Dr. Cardoso currently chairs the Club
of Madrid and the High Level Panel of Eminent Persons on United
Nations-Civil Society Relations and serves as co-chairman of the
Inter-American Dialogue and as coordinator of the working group in
charge of reviewing the process of Ibero-American Summits. He is also
emeritus professor of political science at the University of São
Paulo. His main works in English include Charting a New Course: The
Politics of Globalization and Social Transformation (2001, M.Font
editor) and Dependency and Development in Latin America (with E.
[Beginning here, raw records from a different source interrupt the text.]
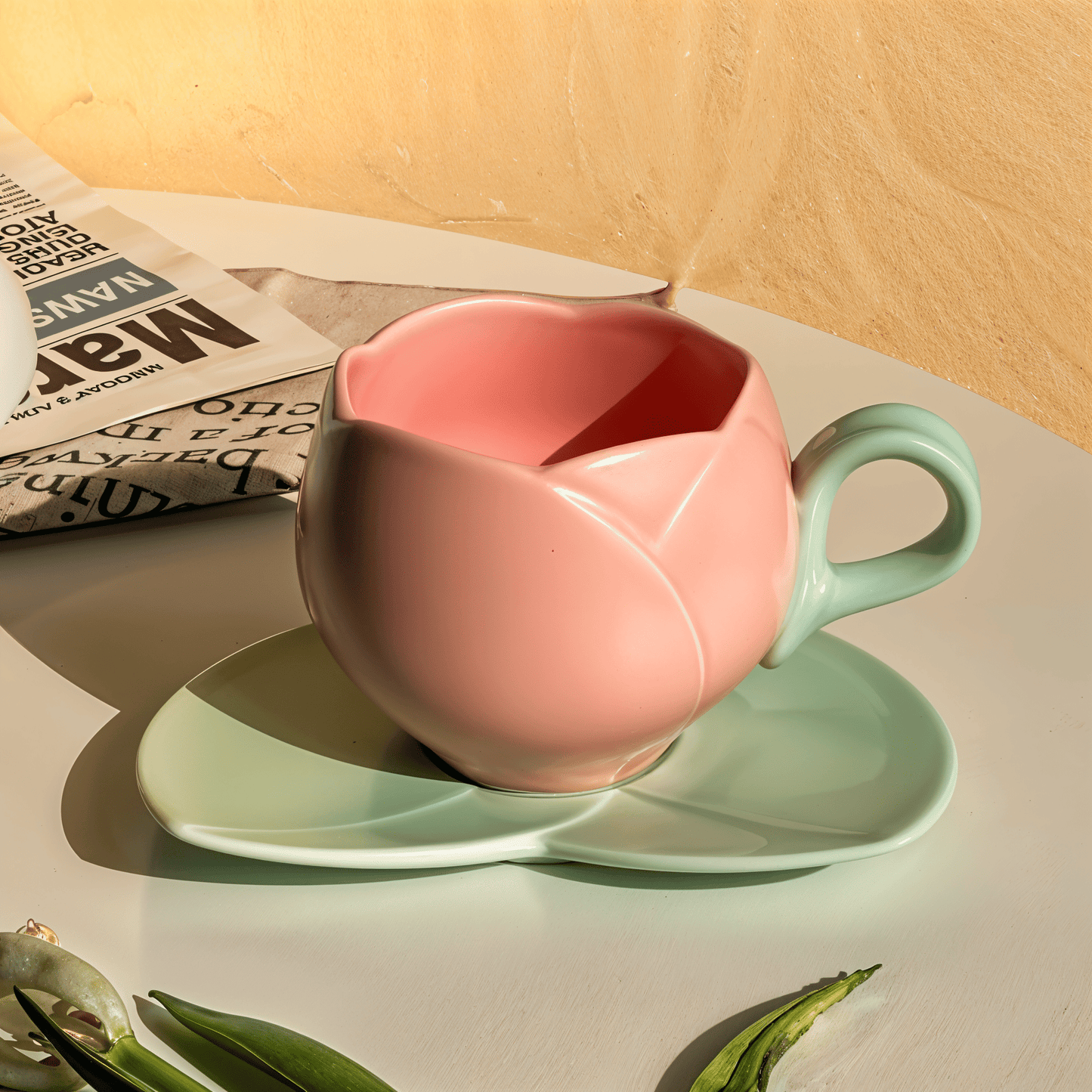 Elegant Tulip Coffee Cup Set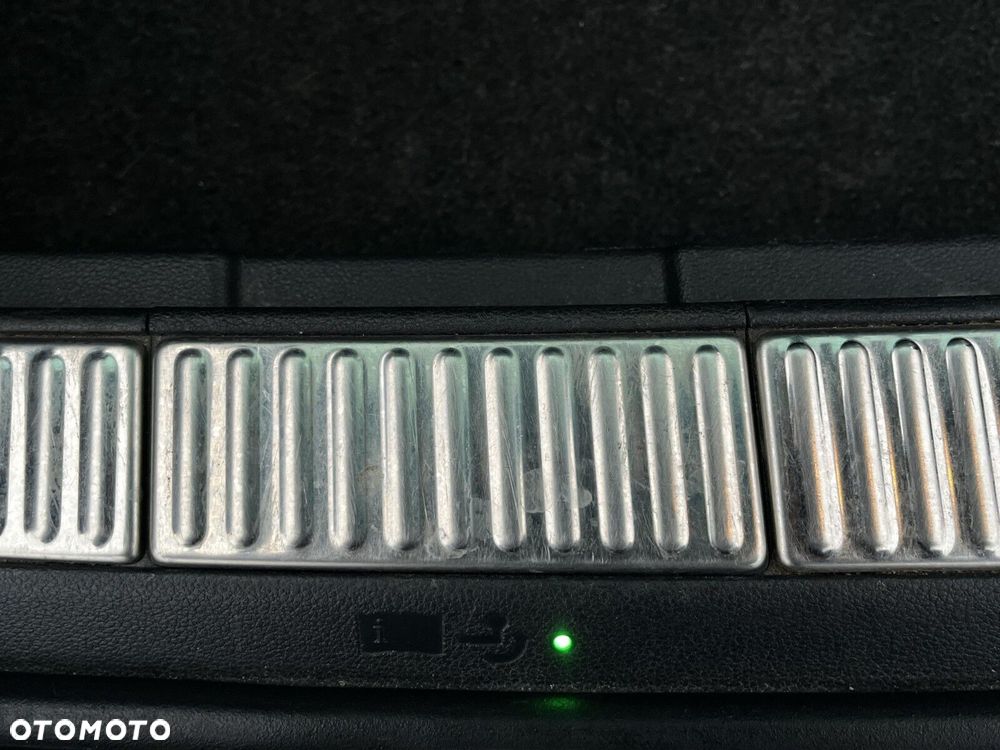 Skoda Superb 2.0 TDI SCR 4x4 Style DSG - 15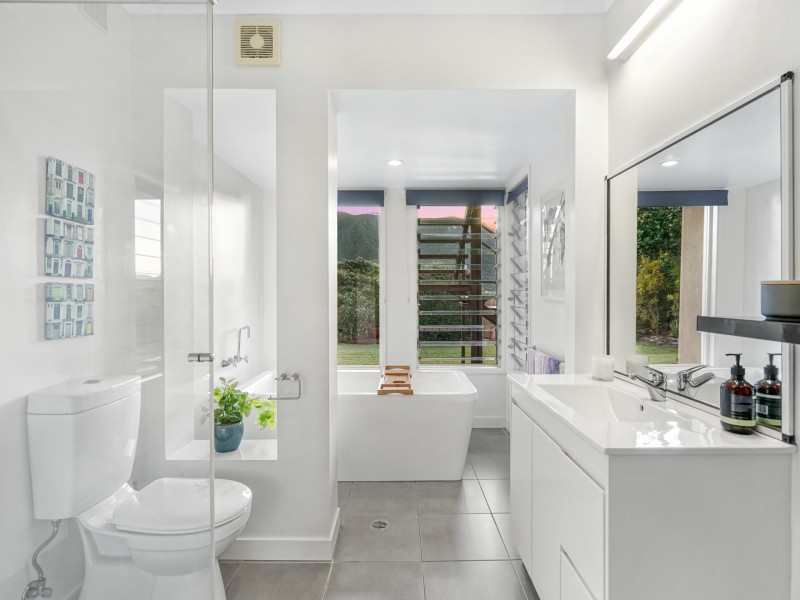 30 View Street, Brinsmead QLD 4870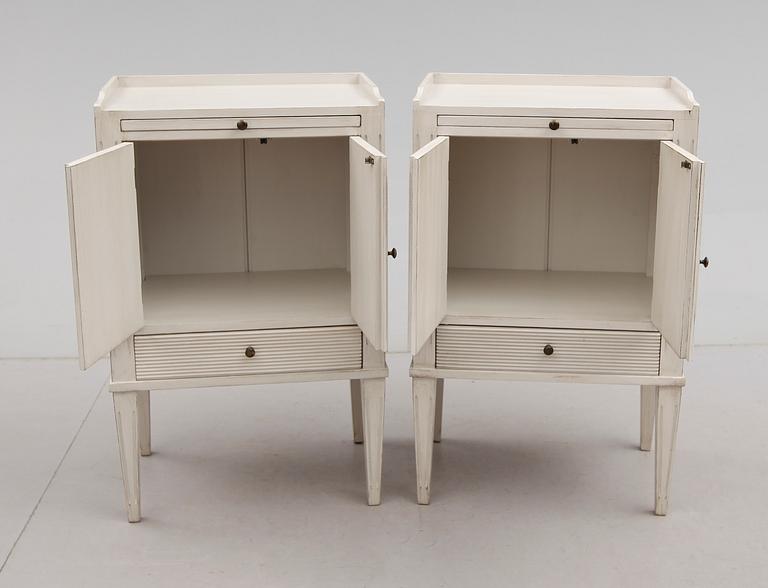 SÄNGBORD, 1 par, gustaviansk stil, 1900-talets andra hälft.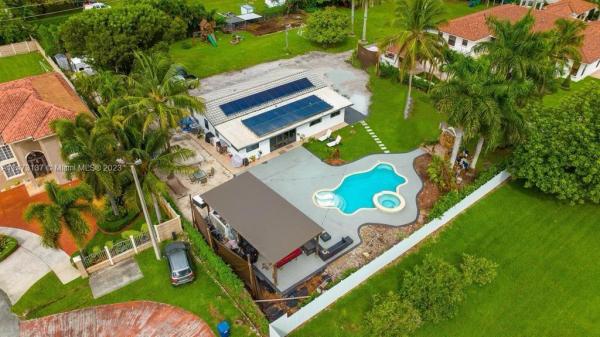J G Heads Farms, 13606 SW 34th St, Tamiami, Florida 33175, image 1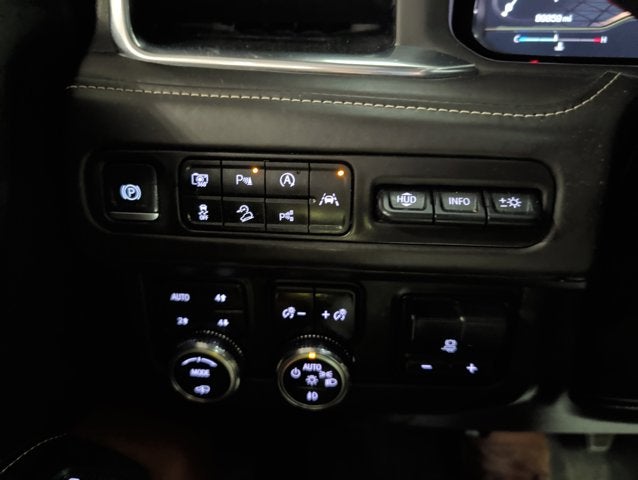 2023 GMC Yukon XL Denali Ultimate Super Cruise Panoramic Roof Heated/Cooled Leather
Faletto, 1979). He has received honorary doctorates from universities in
Chile, France, Germany, Israel, Italy, Japan, Portugal, Russia, Spain,
the United Kingdom, the United States, and Venezuela. Dr. Cardoso is
also foreign honorary member of the American Academy of Arts and
Sciences.
A sociologist trained at the
University of São Paulo, Dr. Cardoso emerged in the late 1960s as an
influential intellectual, analyzing large-scale social change,
international development, dependency, democracy, and state reform. He
became deeply involved in Brazil’s struggle to overcome the
authoritarian military regime in power from 1964 to1985. In the late
1960s, he was arrested and interrogated by military intelligence agents,
and his research institute was bombed by terrorists. To escape
persecution by the military, he spent the 1970s and early 1980s teaching
in the United States, France, and Chile. He was elected senator in 1982
as a proponent of democratic reform and served as a founding member of
the Brazilian Social Democratic Party (PSDB). In 1986 he was selected
as Fulbright Program 40th anniversary distinguished fellow and lectured
at Columbia University on democracy in Brazil. Before his election as
president, he served as minister of foreign relations in 1992-1993 and
as minister of finance in 1993-1994.
He was born in Rio de Janeiro in
1931 and was married to the late Ruth Cardoso, a former Fulbright
scholar at Columbia University. They have three children.